5. Visualization. This could be anything. You might find it comforting to imagine yourself floating in a lake in a canoe. Or you might find it relaxing to visualize yourself being gently wrapped in a cocoon. Or you may find it helpful to see yourself gently floating upward to the stars. For some, the sensation of gently sinking into clay helps them to feel grounded. Whatever the visualization is that helps (try as many as you like) do that.
6. Breathe. Breathe in Peace, Breathe out Love. Let the breaths be long, slow, and relaxed…not labored in any way.
7. As you breathe in, contract your muscles. Then as you breathe out, relax the muscles. Do that three or four times, then just leave the muscles relaxed and focus on the breath.
8. For some, soft music is important. If that is the case, I would suggest you try out Healing Ragas. You can look that up and download it. Put it on repeat so that you will continue to have that play throughout the night. Do NOT be playing pop music and expect yourself to wind down. Some might find the sound of gentle rain and thunder relaxing. If you do, again, download that from iTunes.

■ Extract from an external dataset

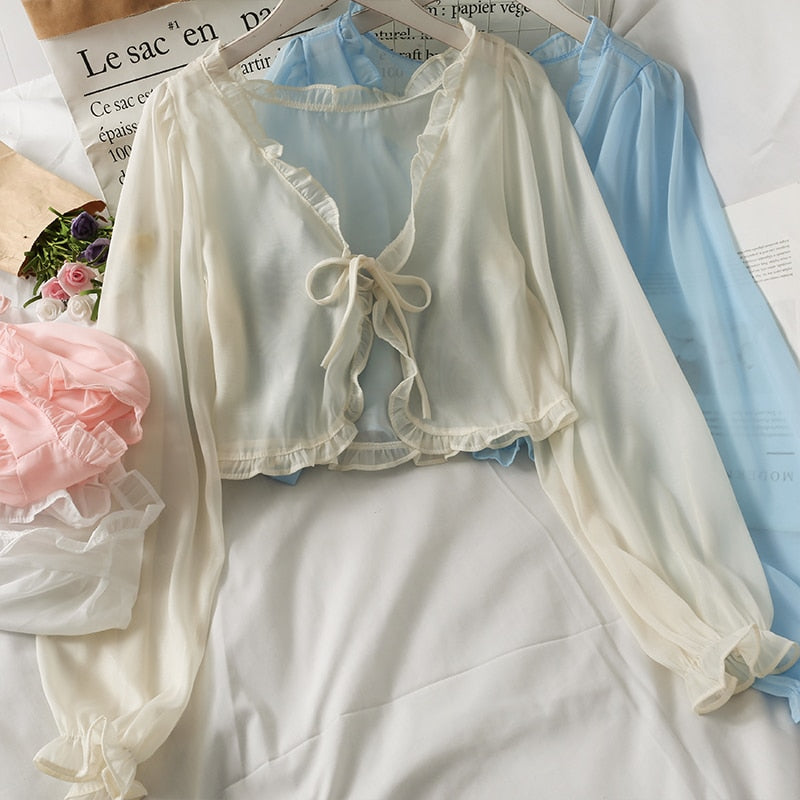 Thin Coat Casual Lace Bow Summer Sun Protection Female Cardigan Shirt Clothing Tops - MERGE.DAY.1.FREESTYLE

9. Should you be the type of person who, once you get into bed, obsesses about absolutely everything in your world, it is important to retrain your mind. How do you do that? First, remind yourself that there is absolutely NOTHING you are able to do about any of that stuff right now, so you might as well let it go. Second, have a burden basket available. This is a basket into which we mentally place all our burdens. Traditionally that would be outside our front door. However, it is also useful to have it, say, at the foot of the bed. It does not have to be large. Just a small basket of some form sitting there is fine. Visualize each obsession moving down your body and dripping into the burden basket. Not to worry, you can always pick those burdens up again in the morning, but for now the burden basket will keep track of them for you so that you are able to get some well-earned sleep.
So those are but a few suggestions when it comes to night time rituals. I should also mention some practical things. For example, TURN OFF YOUR PHONE. You do NOT need to be disturbed by a cell phone beeping and buzzing throughout the night. In a world where we have become obsessed with “staying connected” we have to also recognize the value of disconnecting. Pillows. Have enough of them. Invest in good ones. Comfort is important. So is room temperature. Make it ideal for you. Some folks need a weighted blanket. Even if your partner does not, if you need one, use one for just you. Take at least a half hour off from T.V and other visual stimulants such as computer, social media etc before getting ready for bed. The mere light from the screens of the T.V., cell phone, IPad etc is a stimulant for the brain. You need transition time. Take it. And, as I have often said, meditation is useful. It really doesn’t matter when you insert that into your day or evening. The mere fact that you meditate…go into the internal silence…helps your mind to relax and to increase its ability to focus.
There is nothing quite like feeling rejuvenated in the morning after a good night’s sleep. This is important beyond words, so if you have difficulty sleeping and staying asleep, try some of these methods. Make a habit of it. The more you do them, the more effective they become. I will leave you with a valuable quote from Ralph Waldo Emerson:
He said, “Write it on your heart that every day is the best day in the year. He is rich who owns the day, and no one owns the day who allows it to be invaded with fret and anxiety. Finish every day and be done with it. You have done what you could. Some blunders and absurdities, no doubt crept in. Forget them as soon as you can, tomorrow is a new day; begin it well and serenely, with too high a spirit to be cumbered with your old nonsense. This new day is too dear, with its hopes and invitations to waste a moment on the yesterdays.”